Estimate: | £200 - £300 |
Hammer price: | £100 |
The History of Little Fanny, Exemplified in a Series of Figures. London: Printed by D. N. Shury, Berwick Street, Soho, for S. and J. Fuller, 1810. Small square 8vo (128 x 105mm). Booklet of 16-pages in the original grey-green printed wrappers, stitched (lacking printed slipcase, small piece of corner torn away, light stain on upper wrapper, lacks silk tie). With 7 cut-out hand-coloured aquatint costumed figures, with a transferable head fitting into a tab in each figure, and 3 hats ([?]only). Provenance: old illegible signature on upper wrapper. FIRST EDITION of the earliest published paper doll set.

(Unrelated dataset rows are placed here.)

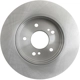 Purchase Top-Quality WINHERE BRAKE PARTS - 661190 - Disc Brake Rotor pa3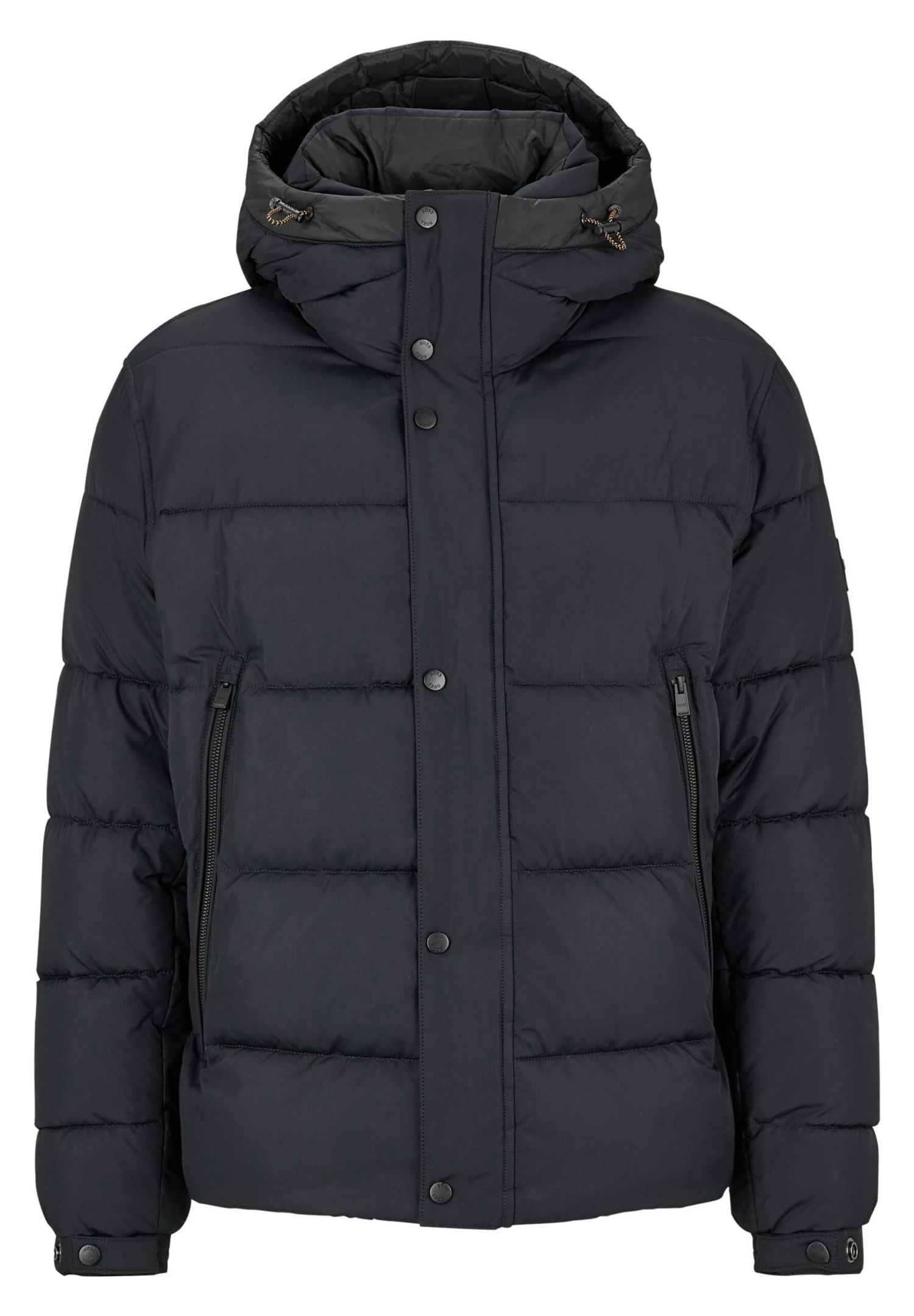 Boss Omaris - Winter Jacket - Black 5 Boss Omaris - Winter Jacket - Black - Image 5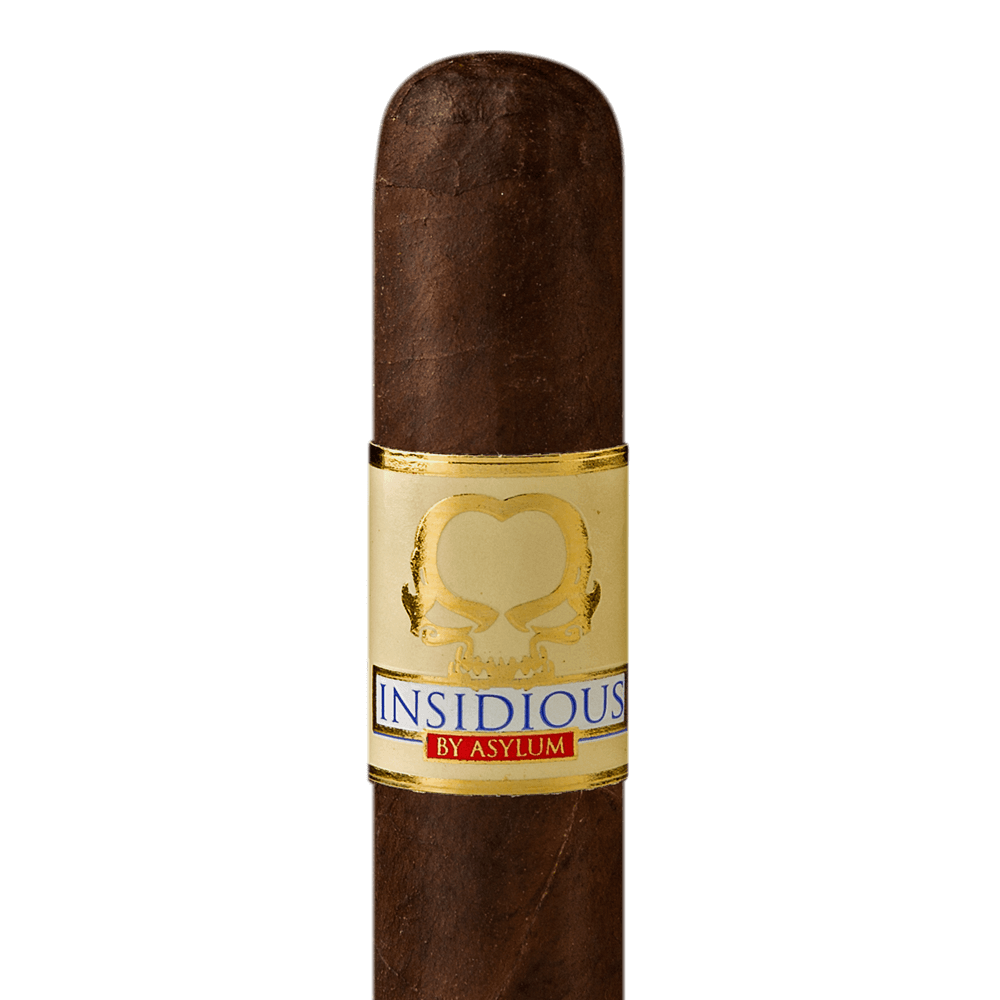 64 X 7 Maduro, , cigars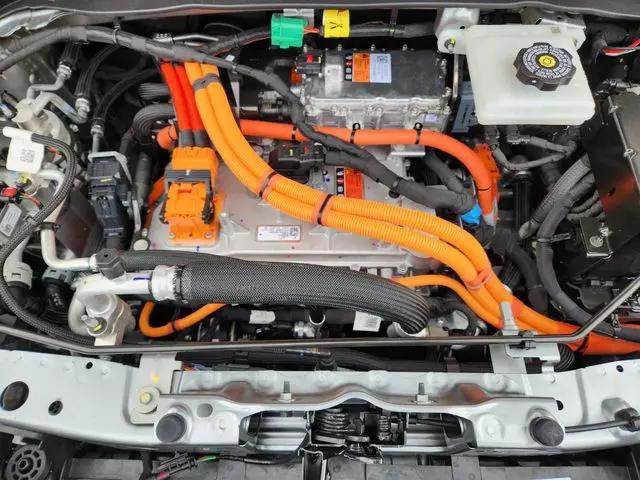 2027 Chevrolet Bolt RS FWD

Each figure and costume corresponds to a section of the story in the accompanying booklet whose tale charts Little Fanny’s progress, in a familiar didactic trajectory, from youthful innocence, through haughtiness, to destitution as ‘a dirty beggar girl’, to a return to propriety and a happy absolution in her mother’s arms once again. The text is sometimes attributed to Amelia Troward Girdlestone (1791-1854). Osborne II, p. 1052 (their copy lacking 2 hats); not in Percy Muir's English Children's Books 1600-1900 (New York, 1954).